1. Field of the Invention
The invention is a method of and circuit for controlling the evolution time interval of a laser output pulse and more particularly to such a method and circuit for producing narrow spectral bandwidths for use in making precise spectral measurements.
2. Description of the Prior Art
A recurring problem confronting lasers used for precise spectral measurements is the need for a narrow linewidth laser. A known approach to this problem is the use of a self-injection locking lasers in which a laser is operated in a high loss condition during the initial portion of the pulse evolution time interval. By operating in a high loss condition, the resulting laser output pulse will have made many round trips through a laser resonator. On each round trip, line narrowing elements operate on the radiation in the laser pulse to successively narrow its spectral linewidth. Thus, by increasing the loss, and thus the number of round trips, the linewidth of the laser becomes narrower.
Once a small laser pulse has evolved in a high loss resonator, the loss is switched in a single step or level action to a low loss state. In the low loss state, the majority of the energy is extracted in an efficient manner while retaining the narrow spectral linewidth of the initial pulse. Typically, a Q-switch, either an electro-optic or an acoustic-optic model, is used to effect switching to a low loss condition.
While this method of single level switching is operable, the time at which the laser is switched directly from a high loss condition to a low loss condition is a critical limitation. If the single level of switching occurs too early, insufficient round trips will have been completed leaving a wider than desired linewidth. Thus the output pulse evolution time interval is too short.
In the known method, this effect is counteracted through the use of an optical sensor to detect the level of the output laser radiation from an output element such as an output mirror.

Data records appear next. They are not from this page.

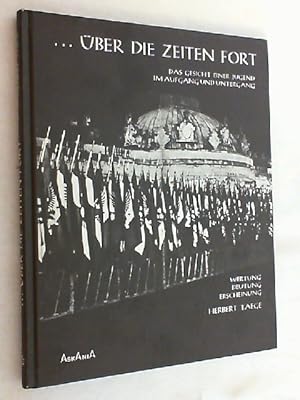 Seller image for ber die Zeiten fort : d. Gesicht e. Jugend im Aufgang u. Untergang ; Wertung, Deutung, Erscheinung. for sale by Versandantiquariat Christian Back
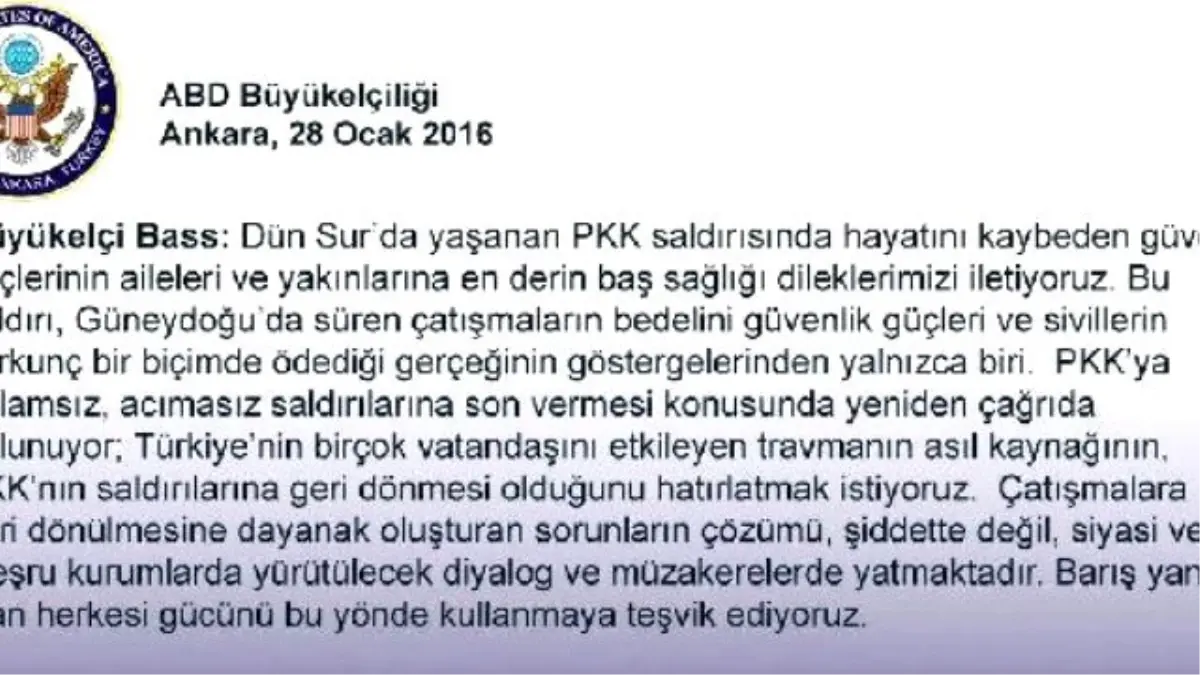 ABD Büyükelçisi Bass: PKK\'ya Acımasız Saldırılarına Son Vermesi Konusunda Çağrıda Bulunuyoruz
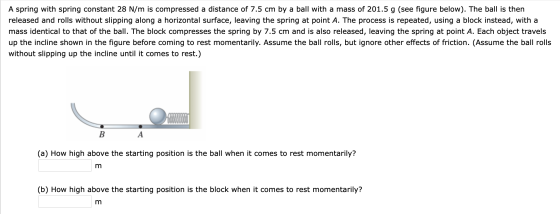 A spring with spring constant 28 N/m is compressed a distance of 7.5 cm by a ball with a mass of 201.5 g (see figure below).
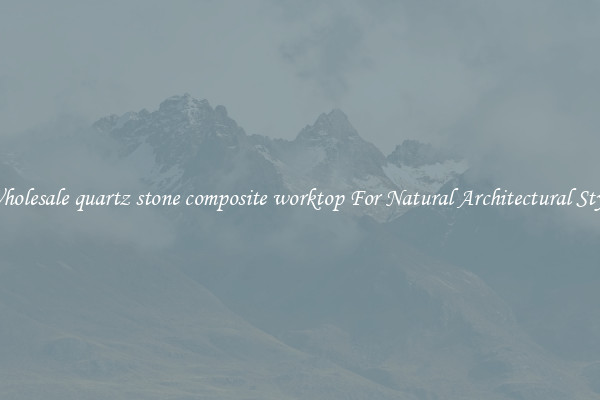 Wholesale quartz stone composite worktop For Natural Architectural Style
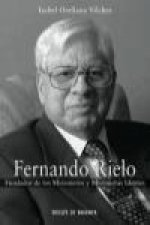 Fernando Rielo : fundador de los Misioneros y Misioneras Identes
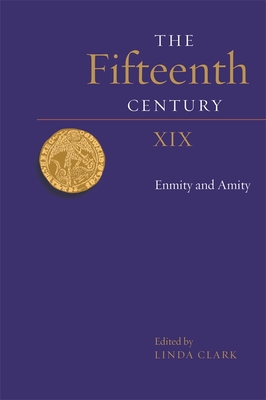 The Fifteenth Century XIX: Enmity and Amity - Clark, Linda (Contributions by), and Cavill, Paul (Contributions by), and Cleverly, David (Contributions by)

When the output laser radiation builds to a sufficient level, such an optical sensor detects this level and switches the laser to a low loss condition in a single level switching action. Although this is an improvement, it does not directly regulate the number of round trips required to achieve the desired spectral linewidth.

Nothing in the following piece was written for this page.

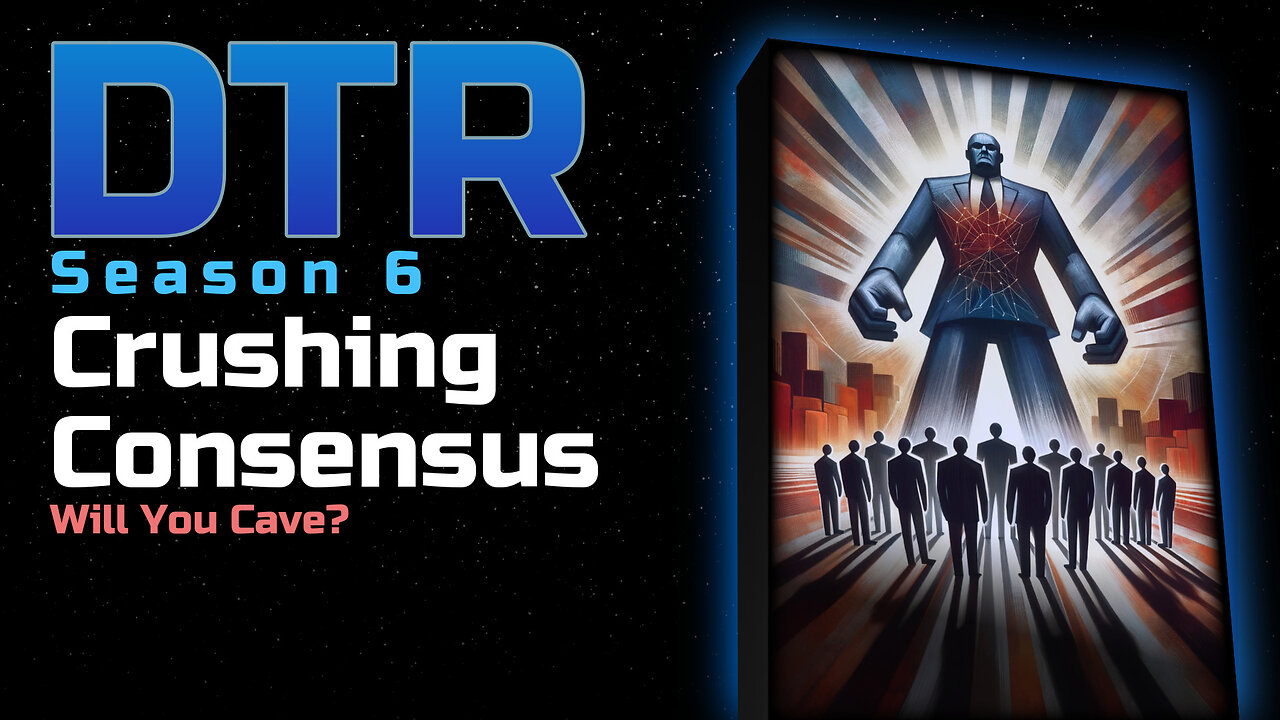 DTR S6 EP 568: Crushing Consensus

Thus, if the pumping level is too high, a laser output pulse will evolve in the resonator quickly, thus counteracting the effect of the line narrowing elements. If the pumping level is too low, the laser may never come to threshold and lasing preventing altogether. In addition, this method introduces an indeterminacy or jitter into the time at which the laser output pulse occurs.
As the output pulse evolution time interval depends on the level of the pump, the time at which the pulse occurs may be set by the pumping level rather than an external clock. While external clocks are known to be highly accurate, the level of pumping is usually not accurately known or controllable. Thus, though any resulting jitter may not be much, probably on the order of a microsecond or so, it may cause problems if precise ranging is to be performed.